Slightly modified parameter sampling in refine(), so that all ensuing results will be slightly modified.
add_simulation() could fail to pass the definition of 'Simulate' to child processes in parallel computations.
project.default() could fail on one-dimensional statistics (a toy case).
Out-of-bag projections used whenever relevant in projections using random-forests methods (which definitely improves the results over "in-bag" projections).
New 'eval_RMSEs' argument of function refine.default().
New argument 'update_projectors' in refine.default(), effective only for the reference table method.
'ranger' package included in Suggests; random forest by 'ranger' is the new default projection 'method' in project.character().
infer_SLik_joint() can now (automatically) provide correct results when there is *one* probability mass in the distribution of the summary statistics.
infer_SLik_joint() can now handle 'using="mclust"' (but this will still provide incorrect results when there is a probability mass in the distribution of the summary statistics).
Objects of class 'SLik_j' using projection now retain a cumulative table of unprojected simulations, from which new projections can be generated.
Revised documentation including examples for the inference method based on reference tables.
Internal methods in infer_SLik_joint() are modified by default so that numerical results are slightly modified. See its new argument 'marginalize' to control this.
Defaults Infusion options 'projTrainingSize' and 'projKnotNbr' for projection by REML have been increased, because the called procedures are more efficiently implemented in versions of spaMM >= 2.7.0.
RMSE computation on SLik_j objects could fail following Rmixmod::mixmodCluster()'s failure to fit a bootstrap replicate.
Potential problems with figure rendering when Rstudio's graphic device was *not* used.
New 'nb_cores', 'packages' and 'env' arguments for more widely allowing parallel simulation in add_simulation() and refine().
New '...' (or 'control.Simulate') argument in add_simulation() for controlling the 'Simulate' arguments.
Dependencies changed for parallel computations; ”doSNOW' usage has been reinstated optionally (though only 'foreach' appears in the package dependencies).

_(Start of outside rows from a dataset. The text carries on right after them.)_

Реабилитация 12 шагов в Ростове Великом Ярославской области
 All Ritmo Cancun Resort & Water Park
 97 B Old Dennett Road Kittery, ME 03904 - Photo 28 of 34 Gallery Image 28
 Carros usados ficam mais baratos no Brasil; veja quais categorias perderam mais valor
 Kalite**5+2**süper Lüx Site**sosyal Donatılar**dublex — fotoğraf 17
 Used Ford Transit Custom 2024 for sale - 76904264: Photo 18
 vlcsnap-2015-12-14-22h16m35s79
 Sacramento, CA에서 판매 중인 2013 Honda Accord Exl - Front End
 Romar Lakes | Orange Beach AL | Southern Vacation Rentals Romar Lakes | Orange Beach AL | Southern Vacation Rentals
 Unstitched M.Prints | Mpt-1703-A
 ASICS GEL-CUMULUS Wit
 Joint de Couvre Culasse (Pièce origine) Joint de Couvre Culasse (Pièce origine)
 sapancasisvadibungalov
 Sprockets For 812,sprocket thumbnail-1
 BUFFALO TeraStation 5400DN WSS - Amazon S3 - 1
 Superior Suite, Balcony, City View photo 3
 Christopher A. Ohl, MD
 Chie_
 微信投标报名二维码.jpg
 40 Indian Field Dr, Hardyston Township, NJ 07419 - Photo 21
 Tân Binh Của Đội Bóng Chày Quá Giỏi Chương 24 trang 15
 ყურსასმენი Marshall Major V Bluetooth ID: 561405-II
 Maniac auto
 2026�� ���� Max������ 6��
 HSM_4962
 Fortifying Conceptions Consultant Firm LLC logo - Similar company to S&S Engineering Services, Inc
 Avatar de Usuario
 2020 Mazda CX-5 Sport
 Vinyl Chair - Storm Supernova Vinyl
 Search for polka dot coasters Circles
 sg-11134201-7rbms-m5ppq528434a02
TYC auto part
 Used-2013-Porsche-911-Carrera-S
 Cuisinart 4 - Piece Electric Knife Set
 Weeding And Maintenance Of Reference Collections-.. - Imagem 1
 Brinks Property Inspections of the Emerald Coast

See help("Infusion.options") for details.
plot.SLik() failed for more than two parameters.
project() did not work on reference tables.
DESCRIPTION now Suggests 'Rmixmod' rather than Imports it. This means that, even if 'Rmixmod' were to be archived from CRAN (which has nearly occurred in March 2018), 'Infusion' could still be installed and run without 'Rmixmod', using 'mclust' as an alternative for model-based clustering. 'Rmixmod' is still the preferred method.
'mclust', 'caret' and 'ks' have been removed from DESCRIPTION (but can still be used without changes in user's code).
Imports package 'pbapply' to draw progress bars, including in parallel computations; no longer Suggests the package 'foreach' (and optionally 'doSNOW') for the same effect.
infer_SLik_joint() can now use procedures from the 'mclust' package (controlled by new argument 'using').
The calls to 'mclust' procedures in other Infusion functions have been revised to be comparable to calls to 'Rmixmod' procedures. This means in particular that the 'G' and 'modelNames' arguments of 'mclust' procedures are set to values equivalent to the corresponding arguments of calls to 'Rmixmod' procedures, and that Infusion uses AIC to select the number of gaussian clusters in both cases (although selection by AIC is implemented in neither of the clustering packages).
infer_logLs() can now analyze the input distributions in parallel. This is controlled by its new 'nb_cores' argument, and may make use of another new argument, 'packages'.
Infusion.options(<new values>) did not return old values.
New function infer_SLik_joint() to infer likelihood surfaces from a simulation table where each simulated data set is drawn for a distinct (vector-valued) parameter, as is usual for reference tables in Approximate Bayesian Computation.
'Infusion' now depends on package 'blackbox' for several functions moved there from package 'spaMM'.